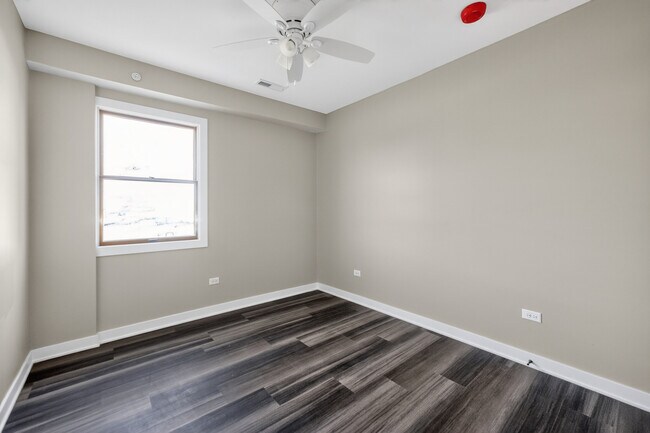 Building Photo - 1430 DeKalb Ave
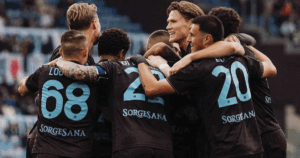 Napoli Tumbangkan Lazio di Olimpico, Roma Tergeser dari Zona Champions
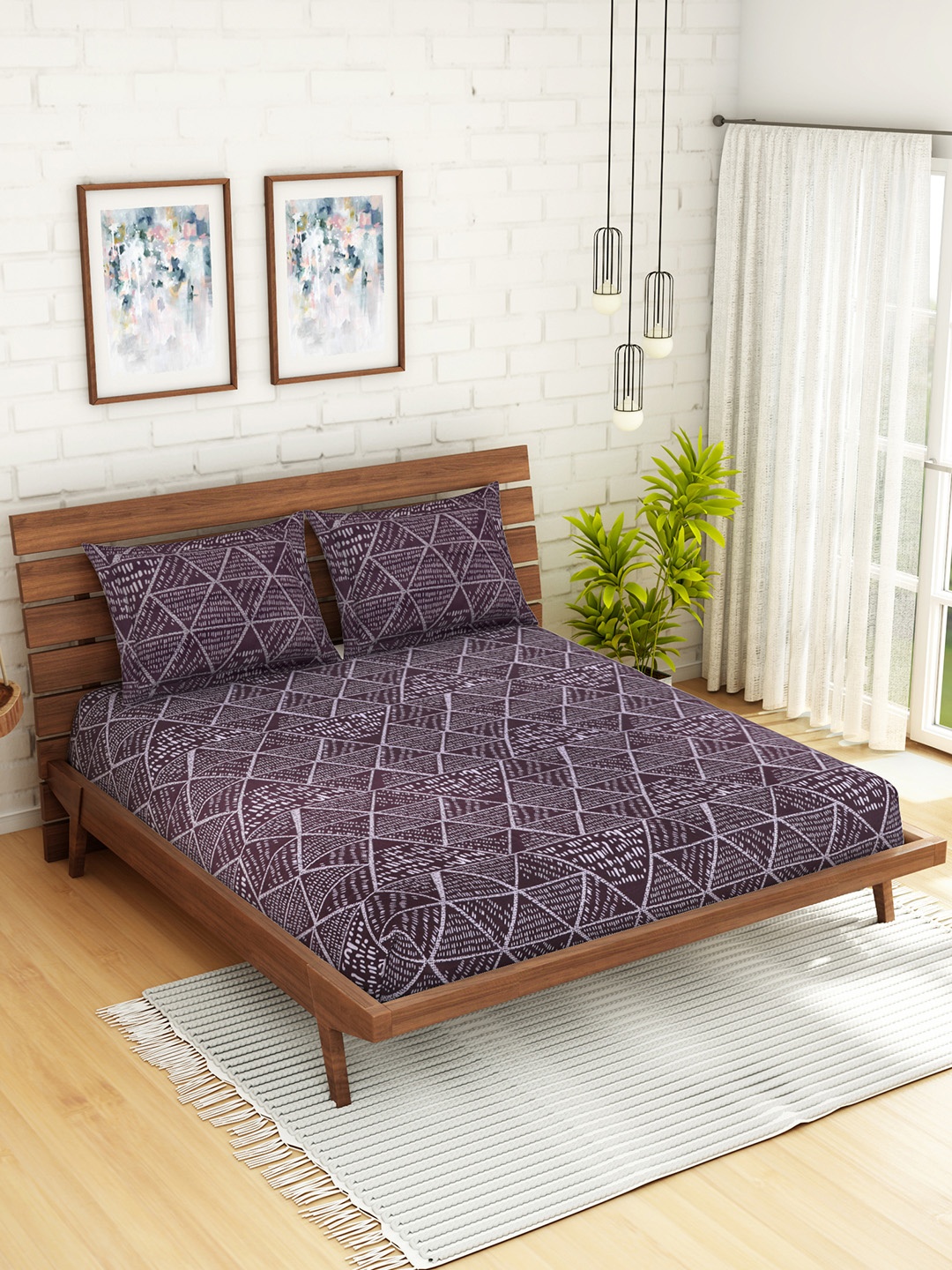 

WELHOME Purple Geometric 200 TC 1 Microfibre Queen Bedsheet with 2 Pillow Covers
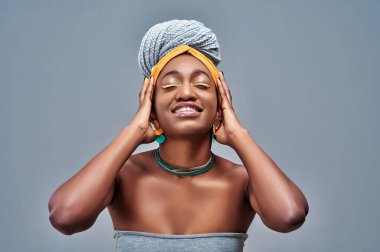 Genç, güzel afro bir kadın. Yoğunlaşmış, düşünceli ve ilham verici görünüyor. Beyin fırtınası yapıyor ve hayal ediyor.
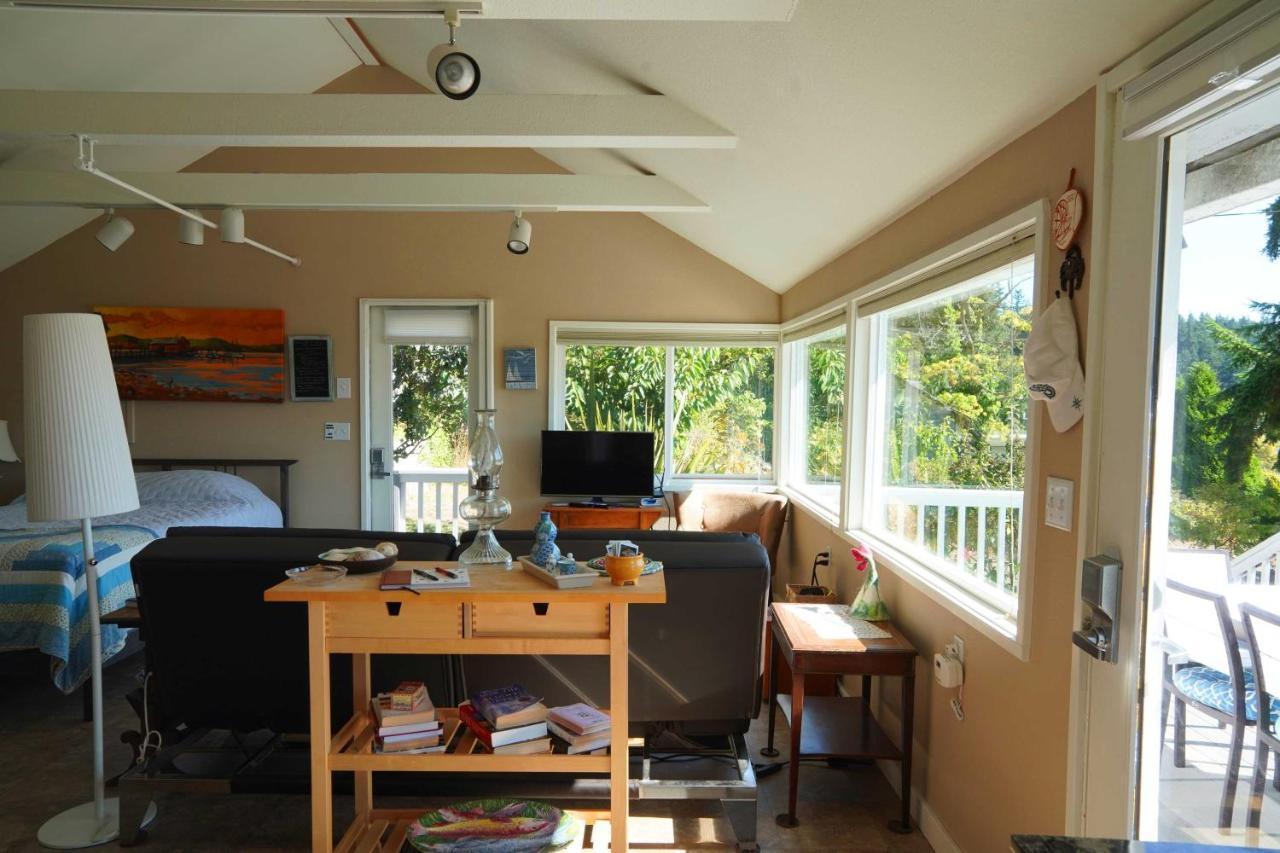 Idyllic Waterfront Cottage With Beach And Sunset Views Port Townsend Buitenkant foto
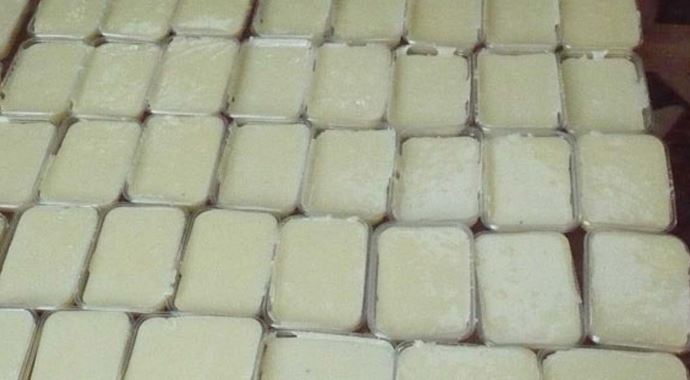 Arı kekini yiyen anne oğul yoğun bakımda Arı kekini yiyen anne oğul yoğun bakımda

· · · · ·

**Task brief**
Write out the records word for word. Pictures stay out.

**Your response**
 Building Photo - 1430 DeKalb Ave
 Napoli Tumbangkan Lazio di Olimpico, Roma Tergeser dari Zona Champions

WELHOME Purple Geometric 200 TC 1 Microfibre Queen Bedsheet with 2 Pillow Covers
 Genç, güzel afro bir kadın. Yoğunlaşmış, düşünceli ve ilham verici görünüyor. Beyin fırtınası yapıyor ve hayal ediyor.
 Idyllic Waterfront Cottage With Beach And Sunset Views Port Townsend Buitenkant foto
 Arı kekini yiyen anne oğul yoğun bakımda Arı kekini yiyen anne oğul yoğun bakımda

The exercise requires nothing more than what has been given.